SWANLINBAR was and always will be GAA country. As soon as Chris Curran was able to kick an O’Neill’s ball around the place he would represent his hometown club.

And, who knows, maybe one day he’d play for Cavan. After the hazy summer of ’97, when Cavan swaggered their way to a first Ulster title in 28 years, every kid wanted to be Larry Reilly.

Heading down Clones hill, Curran was no different.

“In primary school he was always the best player on the team and on all the underage teams the whole way through,” Cavan footballer Gearoid McKiernan says of his close friend Chris Curran.

“He played wing-back, wing-forward, if there was a fire to put out, Chris would put it out. If you needed him in the backs, he’d go in there. If you needed a score he’d be the man for that too.

“He was a very good Gaelic footballer. The trajectory he was on, he was definitely good enough for inter-county, and knowing his attitude he would have applied himself to it.”

Curran’s sporting career took an unexpected turn. By the time he’d celebrated his 16th birthday he was playing for Manchester United.

As it happened, he idolised United growing up, but nobody from a small town like Swanlinbar dared to dream of playing for the Old Trafford giants.

“I think for a lot of lads growing up, playing football from eight or nine-years-old, it is something that they might have in their minds. But for us living in Swanlinbar it was just never on our radar,” Curran says, who is preparing for Cliftonville’s Irish Cup semi-final against Glentoran at Windsor Park this evening.

“It just didn’t seem possible. You didn’t think it really existed outside of the television and the radio. So it wasn’t an ambition of mine.”

From a young age, Gearoid McKiernan and Chris Curran were joined at the hip.

Gearoid didn’t go anywhere without Chrissy and Chrissy didn’t go anywhere without Gearoid.

McKiernan was first cousins with Tomas and Ruairi Corrigan.

Their father and former Fermanagh manager Dominic Corrigan was friendly with Brian Khan who was doing great work with the underage teams at Ballinamallard United.

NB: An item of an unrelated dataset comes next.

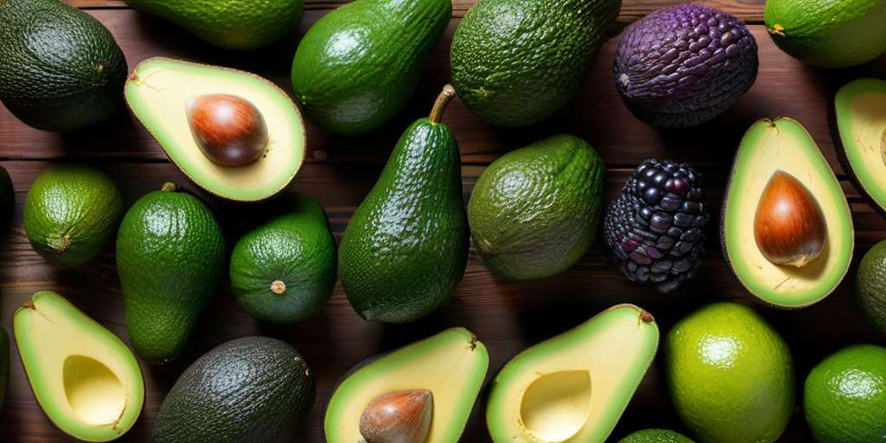 aguacate en el embarazo primer trimestre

The Swanlinbar contingent were soon making the half-hour journey to Ballinamallard to try their hand at soccer.

“Gearoid got me involved with Ballinamallard at the age of 13, going on 14,” Curran says, “But very shortly after I’d started Gearoid went back to the Gaelic, but it stuck with me and I enjoyed it.

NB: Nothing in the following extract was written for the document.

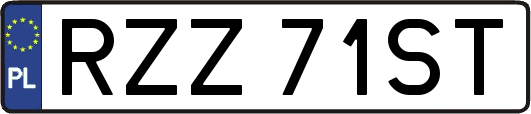 RZZ71ST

“For a time, there was me, Tomas, Ryan Jones and Gearoid playing U13 or U14. Brian [Khan] had a few sons who were friendly with Ruairi and Tomas. We were all young lads and just enjoyed playing together.

“Up to that point, everything I had was gained in the schoolyard or out in the street to be honest.”

Whitey Anderson, who guided Ballinamallard United into the Irish Premiership in 2012, was struck by just how good the quiet kid from Swanlinbar was for the club’s youth teams.

Back in the early ‘Noughties’, Anderson was doing a bit of scouting for Newcastle United.

“I remember speaking to Newcastle’s Academy Recruitment Officer, Peter Kirkley,” Anderson explains.

“I asked him: ‘So what do you want me to look for in a player?’

“And Peter says: ‘Whitey, if you go to a match and there’s a player that makes the hair stand on the back of your neck, let me know.’

“That’s how he put it. I remember going to watch Chris and thinking: ‘This kid is good.’ They talked about Ryan Giggs gliding over the ground - Chris was like that at that age. He was so quick, so direct, he took the ball up the pitch, a great dribbler of the ball, he just took control, but also his work-rate was phenomenal. He just stood out for me.”

Kirkley thought it was worthwhile to come over to see this flying winger from Swanlinbar for himself.

“I think we won the youth final 7-0 and Chris scored four,” Whitey says. A trial to Newcastle United beckoned.

At 15, Curran was also selected for Northern Ireland schoolboys that went on to claim the prestigious U16 Victory Shield, beating illustrious neighbours England along the way.

“Everything happened very, very quickly,” Curran says. “I didn’t even see a pathway [to professional football] before I joined the schoolboys and started talking to different people.

“We had a really good group – Cory Evans, Ryan McGivern and Chris Ramsey would have been in there. We beat England that year and it turned a lot of heads.

“And the fact that I was a year young meant there were a few clubs interested in me. I went over to Newcastle a few times and did really well over there and was very close to signing, and then I played in the Victory Shield again and United came along, and the rest is history after that, I suppose.”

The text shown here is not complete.